BEGIN
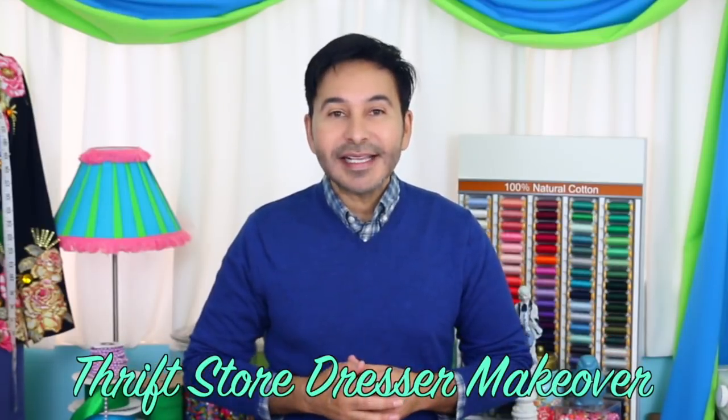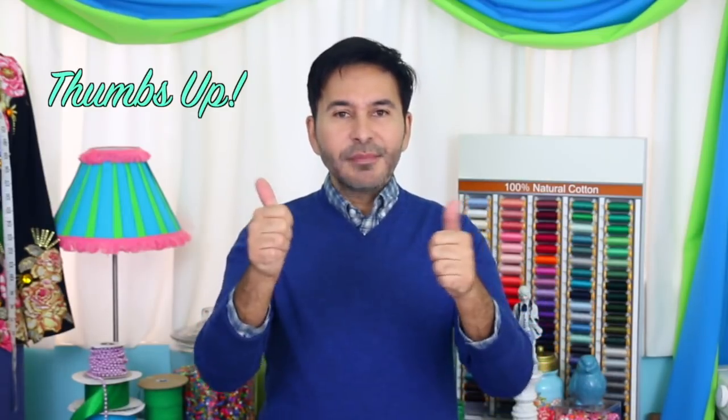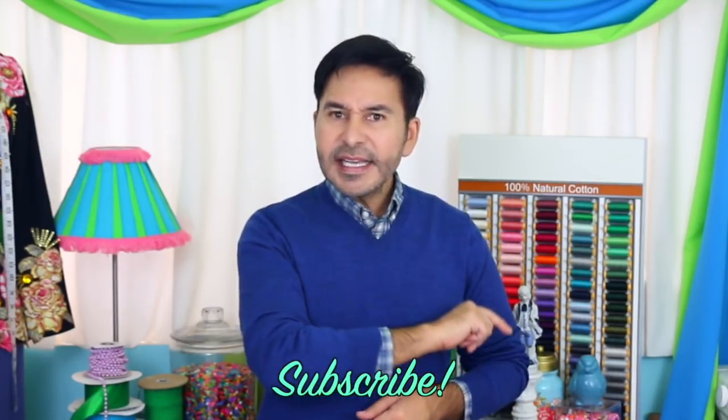Hey DIYers, I'm Mark Montano and today on Make Your Mark we are jazzing up a thrift store dresser with several different paint techniques. Before I forget, I want you to thumbs up if you like this video and leave me a comment if you have a question about this project or you just want to say hello. Also don't forget to hit that subscribe button. Are you ready? Let's jazz up a thrift store dresser.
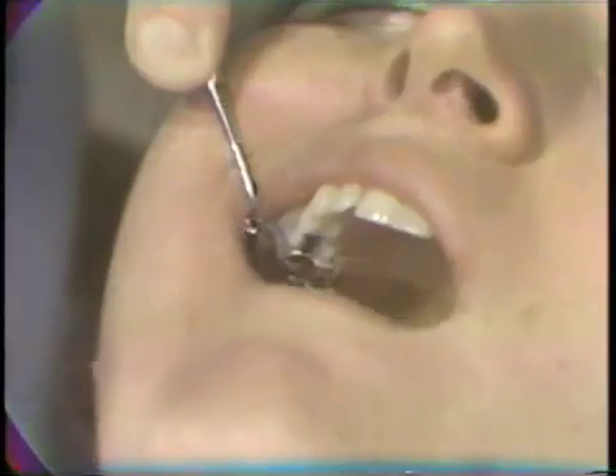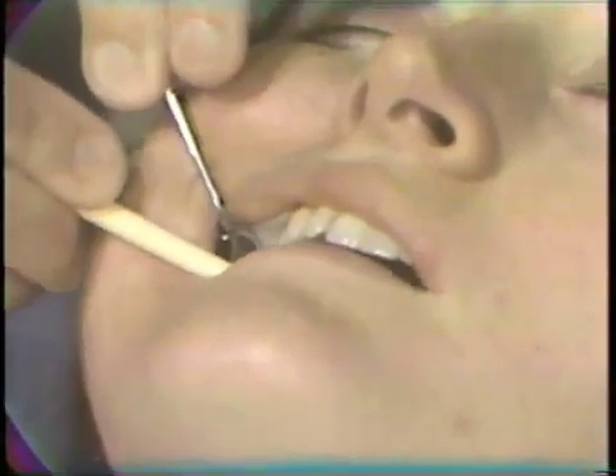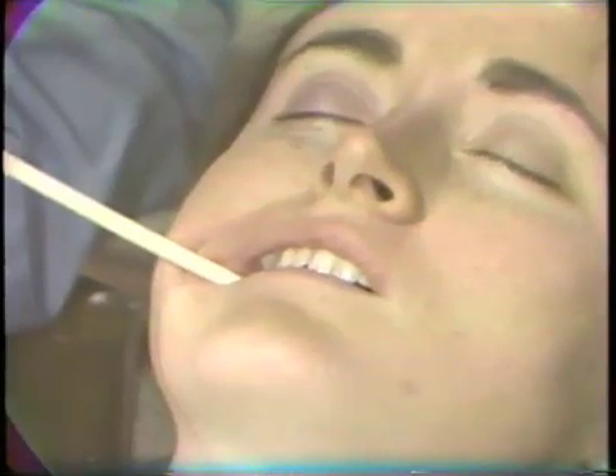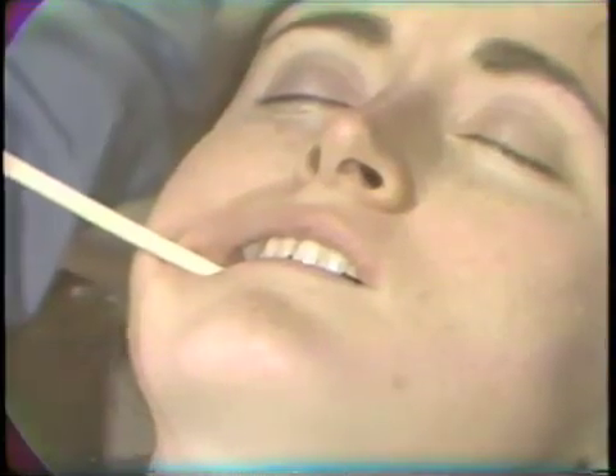The purpose of this burnishing at this stage is to close the fine gold marginal areas against the tooth — those areas which have been developed to a fineness and thinness that may be displaced due to the hydrostatic pressure of the cement being exuded from the cavity during the compression of the casting onto the tooth.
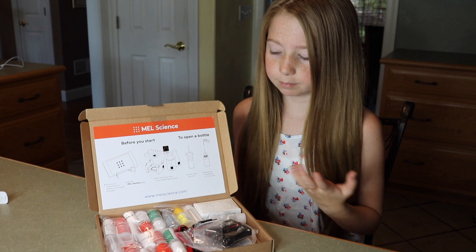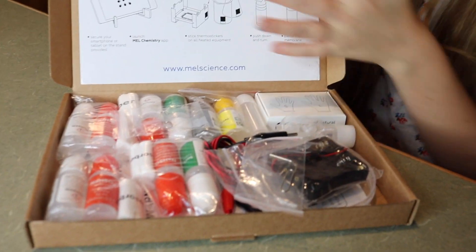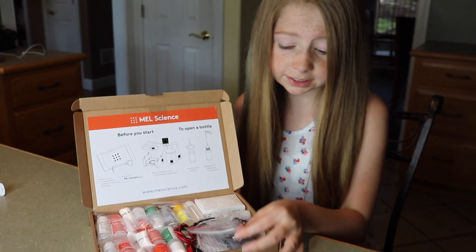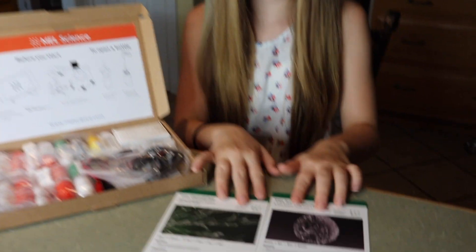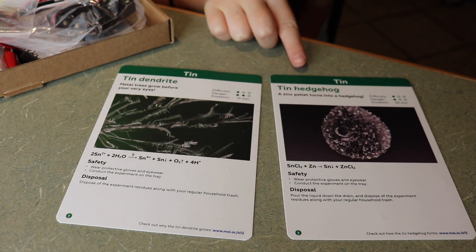So I think we're going to try the tin one first. Here's what the tin kit comes with — you get all your chemicals, a paper clip, some gloves. It tells you what to do, some wires, and a little plate. It also comes with these two cards that you can use, showing what you can do with this kit.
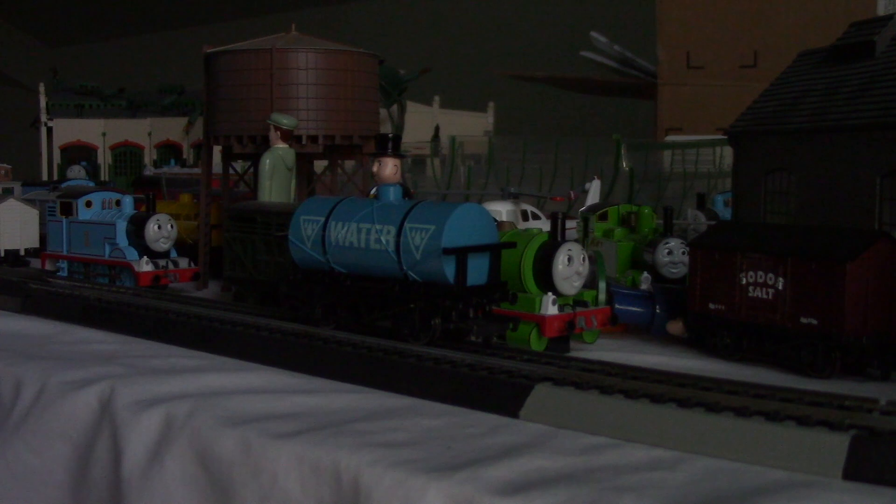Hey everyone, this is Superflashlight. This is a real quick short episode, and as you can see, I'm about to review the Botman Nature Scale Water Tanker Review and Run.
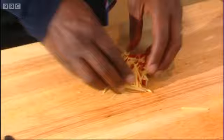Oriental flavours — ginger, garlic, the old chilli. Pop that in straight inside. Let that cook off a bit.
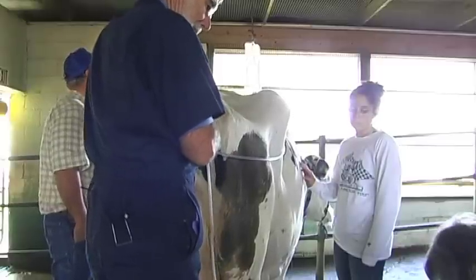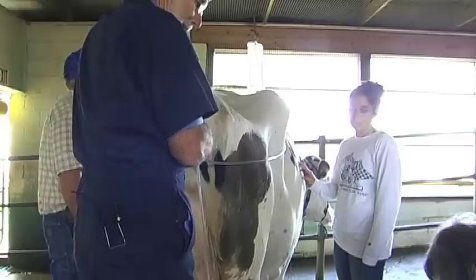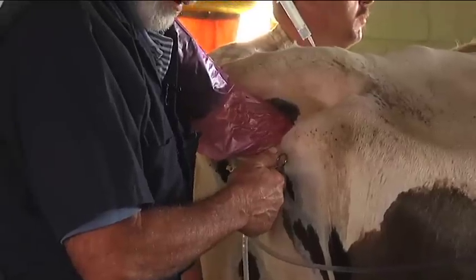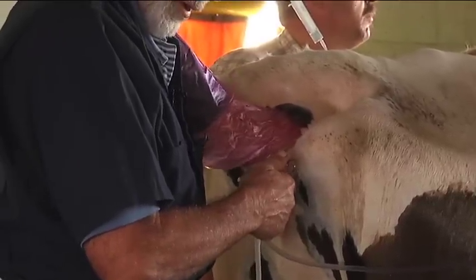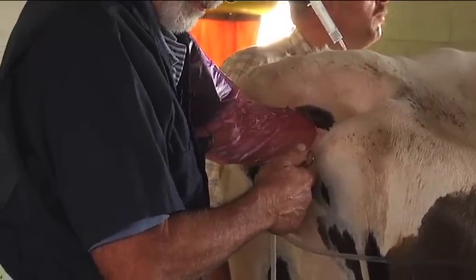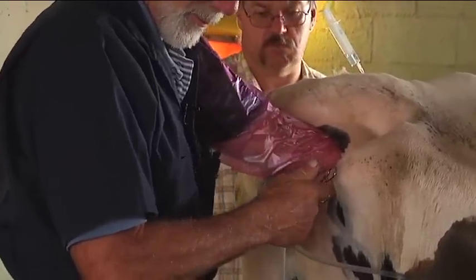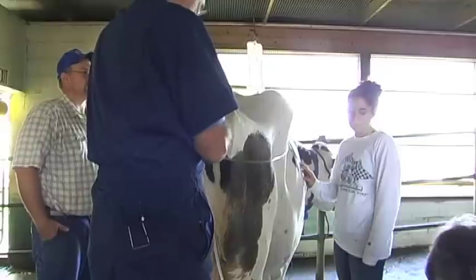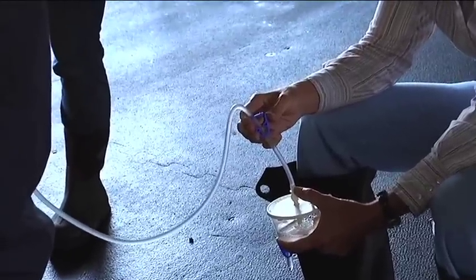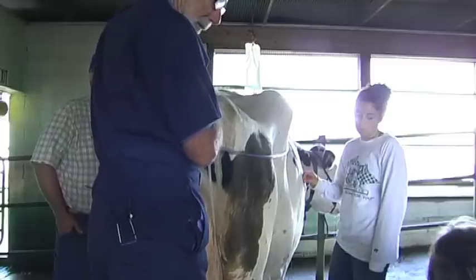The embryos at this point, which is day seven after breeding, are in the anterior portion of each horn. The aim is to wash those embryos out of the uterus. Approximately 25 to 50 cc's of fluid is collected for examination under the microscope.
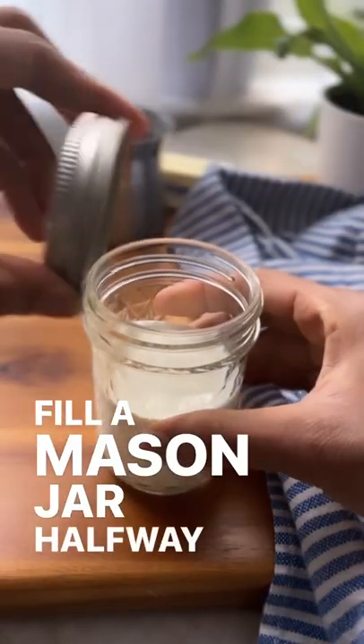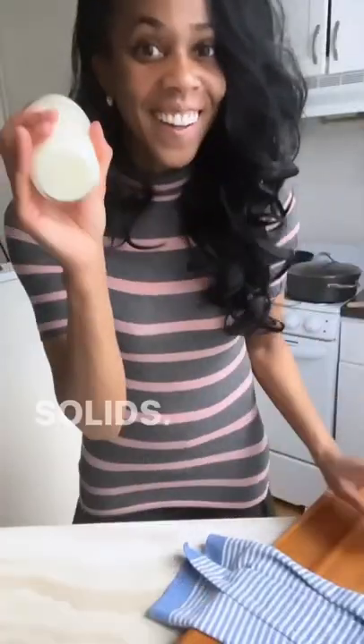Fill the mason jar halfway full with heavy cream. Put the lid on tight and shake vigorously until you have whipped cream. Keep shaking and the liquids will start to separate from the solids.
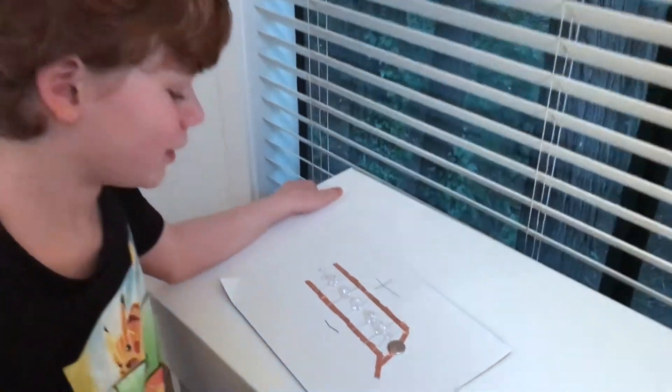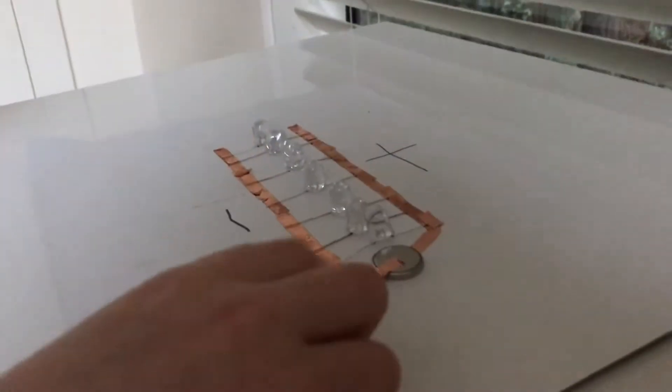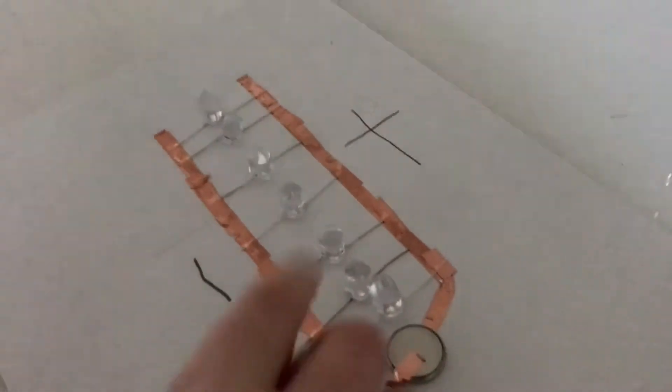Welcome to Royce's Experiments. So I made a parallel circuit. Let me show you how I built it. I used conductive tape, a coin cell battery, and an LED light.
END
§ **WHAT IS NEEDED**
The response should hold only an exact retyping of the lines from the beginning of the data through the line containing "The embryos at", both ends kept, pictures omitted.

§ **ANSWER TO THIS EXERCISE**
Hey DIYers, I'm Mark Montano and today on Make Your Mark we are jazzing up a thrift store dresser with several different paint techniques. Before I forget, I want you to thumbs up if you like this video and leave me a comment if you have a question about this project or you just want to say hello. Also don't forget to hit that subscribe button. Are you ready? Let's jazz up a thrift store dresser.
The purpose of this burnishing at this stage is to close the fine gold marginal areas against the tooth — those areas which have been developed to a fineness and thinness that may be displaced due to the hydrostatic pressure of the cement being exuded from the cavity during the compression of the casting onto the tooth.
So I think we're going to try the tin one first. Here's what the tin kit comes with — you get all your chemicals, a paper clip, some gloves. It tells you what to do, some wires, and a little plate. It also comes with these two cards that you can use, showing what you can do with this kit.
Hey everyone, this is Superflashlight. This is a real quick short episode, and as you can see, I'm about to review the Botman Nature Scale Water Tanker Review and Run.
Oriental flavours — ginger, garlic, the old chilli. Pop that in straight inside. Let that cook off a bit.
The embryos at this point, which is day seven after breeding, are in the anterior portion of each horn. The aim is to wash those embryos out of the uterus. Approximately 25 to 50 cc's of fluid is collected for examination under the microscope.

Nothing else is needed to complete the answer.